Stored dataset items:
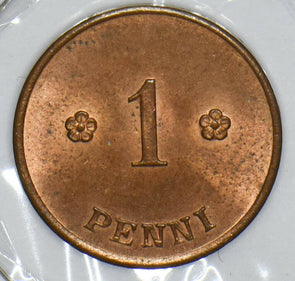 Finland 1923 Penny Lion animal 290948 combine shipping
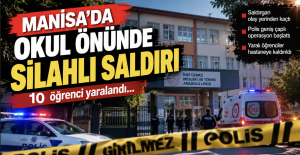 Manisa'da Okul saldırısında son durum; Saldırgan yakalandı; 4 gözaltı!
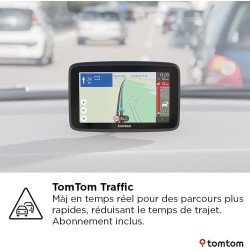 TomTom GPS Voiture GO Classic Lite (6 Pouces, Info Trafic, Essai des Alertes de Zones de Danger, Cartes EU, Mise à Jour Inclus V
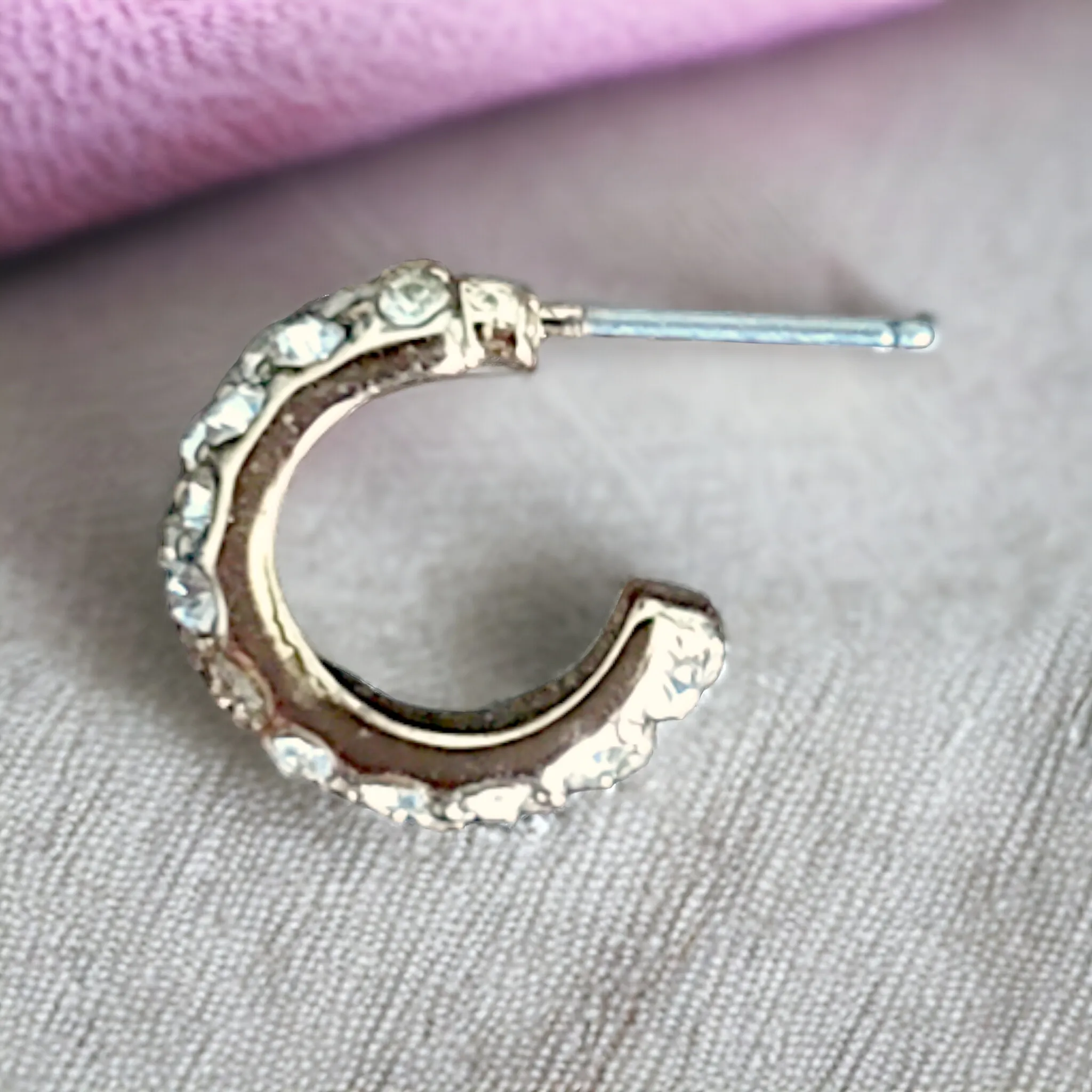 NORDSTROM Pave Crystal Hoop Earrings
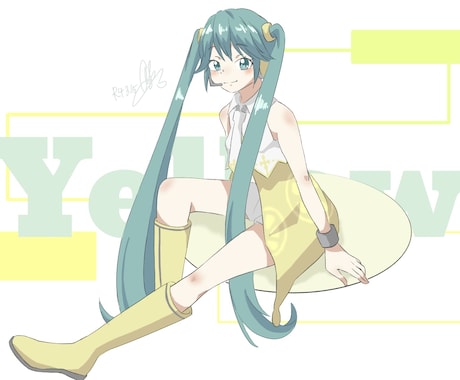 アニメ風イラスト制作承ります イメージ1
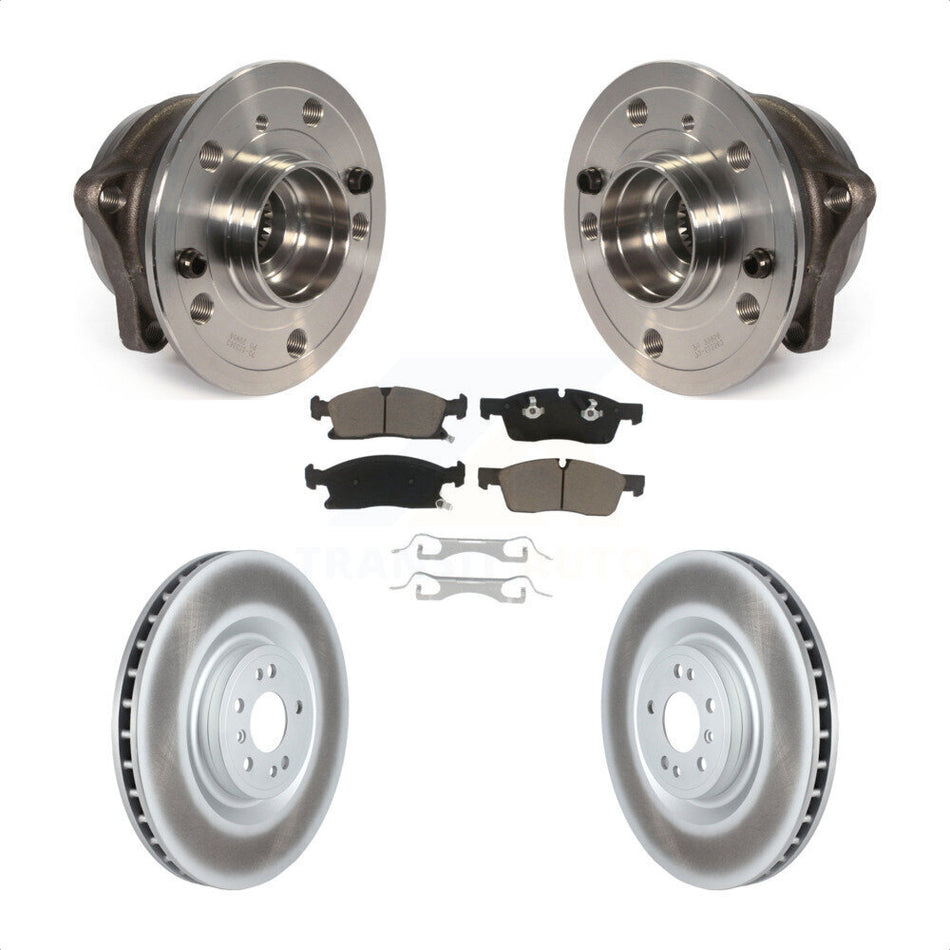 Front Hub Bearing Assembly With Coated Disc Brake Rotors And Ceramic Pads Kit For Mercedes-Benz ML350 GLS450 GL450 GL350 ML400 ML250 KBB-122721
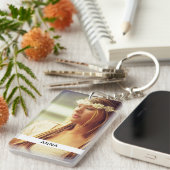 Dubbelzijdig 2 foto en naam Acrylische Sleutelhang Sleutelhanger (Voorkant Rechts)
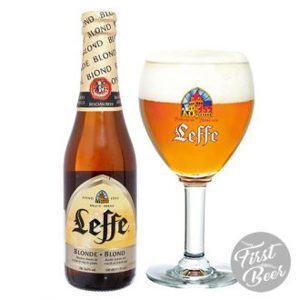 Bia Leffe Blonde vàng 6.6% - thùng 24 chai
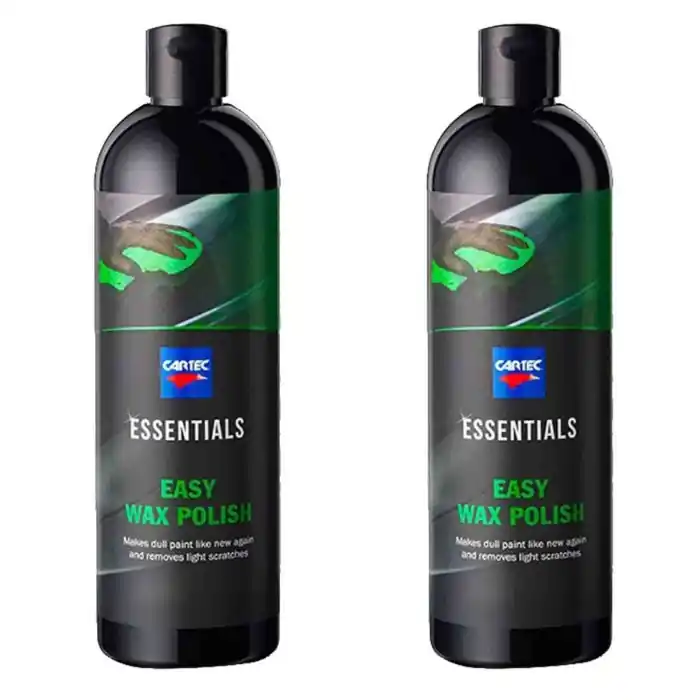 Rimuovi Graffi Leggeri Opacità Imperfezioni Carrozzeria Auto - Cartec Essentials Easy Wax Polish 2 Pezzi X 500ml Nuovo Arrivo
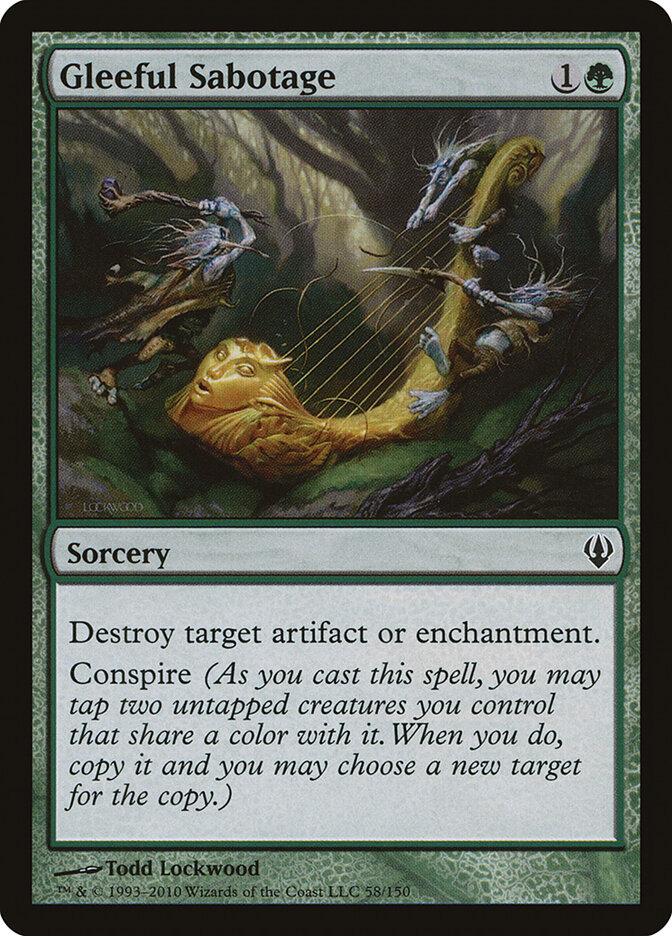 Gleeful Sabotage card front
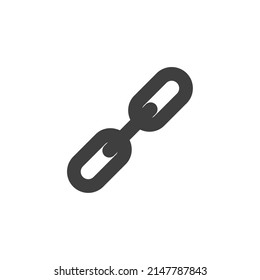 El signo vectorial del símbolo de enlace está aislado en un fondo blanco. color del icono de enlace modificable.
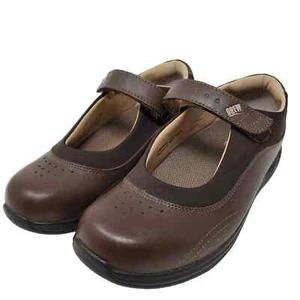Drew Rose Women Mary Jane Flat Leather Adjustable Strap Sandals Comfort Shoes 6W - Picture 1 of 10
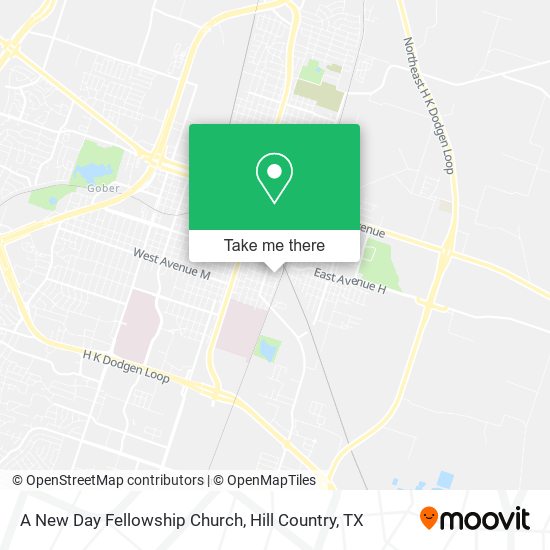 Mapa de A New Day Fellowship Church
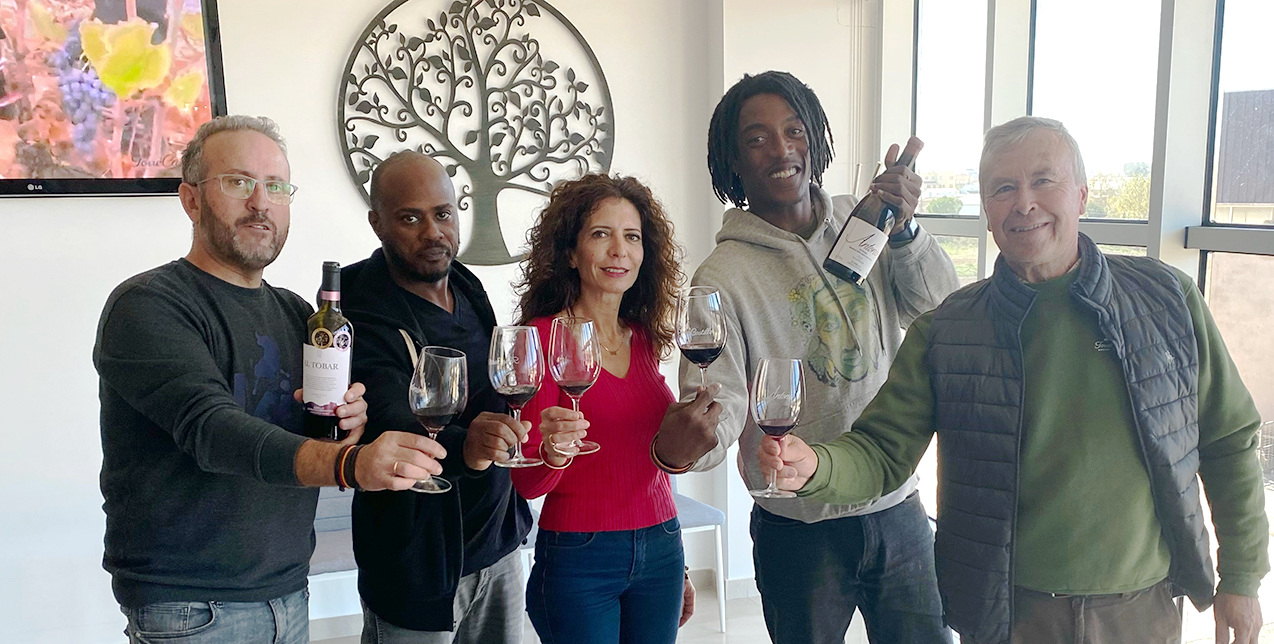 The family of wine god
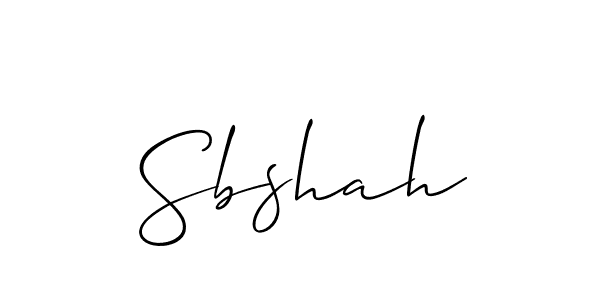 It looks lik you need a new signature style for name Sbshah. Design unique handwritten (Allison_Script) signature with our free signature maker in just a few clicks. Sbshah signature style 2 images and pictures png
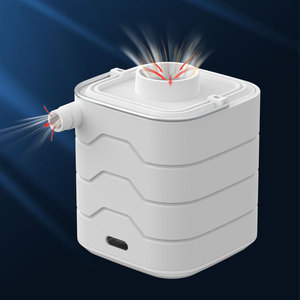 Portable Mini Electric Air Pump White Plastic USB Rechargeable Inflator for Compact <b>Car</b> Motorcycle Single Cylinder - Product Image 1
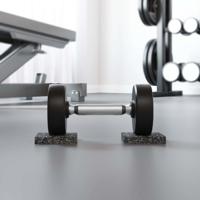 Rubberen Roller Zwart Rubber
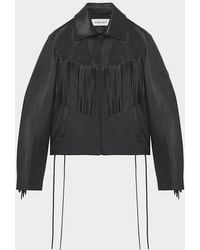 McQueen - Apos;S Western Fringe-Trim Leather Jacket - Lyst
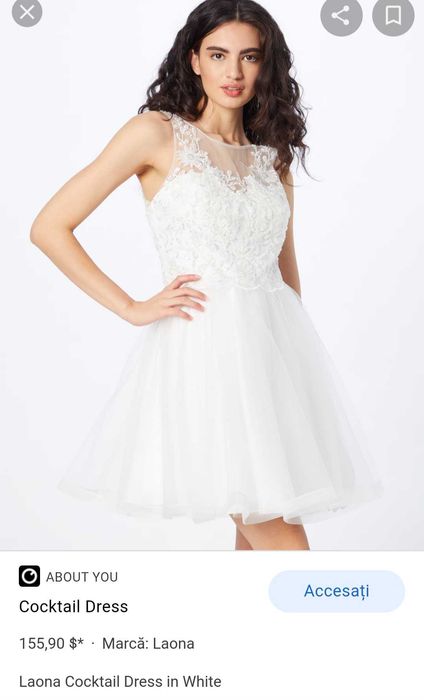 Rochie Laona S, nouă, brand, de ocazie,  babydoll, de seară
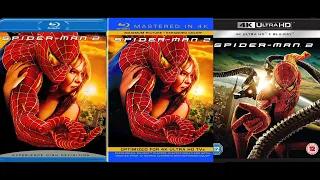 Spider Man 2 Blu ray vs 4K Blu ray Comparison (HDR version)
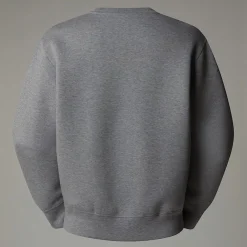 Shop The North Face Sweat Col Rond Pour Homme Metallic Silver Heather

> _EXERCISE AIM_: Set down every line above exactly, pictures excluded.

> _RESULT FOR THIS EXERCISE_:
 Finland 1923 Penny Lion animal 290948 combine shipping
 Manisa'da Okul saldırısında son durum; Saldırgan yakalandı; 4 gözaltı!
 TomTom GPS Voiture GO Classic Lite (6 Pouces, Info Trafic, Essai des Alertes de Zones de Danger, Cartes EU, Mise à Jour Inclus V
 NORDSTROM Pave Crystal Hoop Earrings
 アニメ風イラスト制作承ります イメージ1
 Front Hub Bearing Assembly With Coated Disc Brake Rotors And Ceramic Pads Kit For Mercedes-Benz ML350 GLS450 GL450 GL350 ML400 ML250 KBB-122721
 Dubbelzijdig 2 foto en naam Acrylische Sleutelhang Sleutelhanger (Voorkant Rechts)
 Bia Leffe Blonde vàng 6.6% - thùng 24 chai
 Rimuovi Graffi Leggeri Opacità Imperfezioni Carrozzeria Auto - Cartec Essentials Easy Wax Polish 2 Pezzi X 500ml Nuovo Arrivo
 Gleeful Sabotage card front
 El signo vectorial del símbolo de enlace está aislado en un fondo blanco. color del icono de enlace modificable.
Drew Rose Women Mary Jane Flat Leather Adjustable Strap Sandals Comfort Shoes 6W - Picture 1 of 10
 Mapa de A New Day Fellowship Church
 The family of wine god
 It looks lik you need a new signature style for name Sbshah. Design unique handwritten (Allison_Script) signature with our free signature maker in just a few clicks. Sbshah signature style 2 images and pictures png
 Portable Mini Electric Air Pump White Plastic USB Rechargeable Inflator for Compact <b>Car</b> Motorcycle Single Cylinder - Product Image 1
 Rubberen Roller Zwart Rubber
 McQueen - Apos;S Western Fringe-Trim Leather Jacket - Lyst
 Rochie Laona S, nouă, brand, de ocazie,  babydoll, de seară
 Spider Man 2 Blu ray vs 4K Blu ray Comparison (HDR version)
 Shop The North Face Sweat Col Rond Pour Homme Metallic Silver Heather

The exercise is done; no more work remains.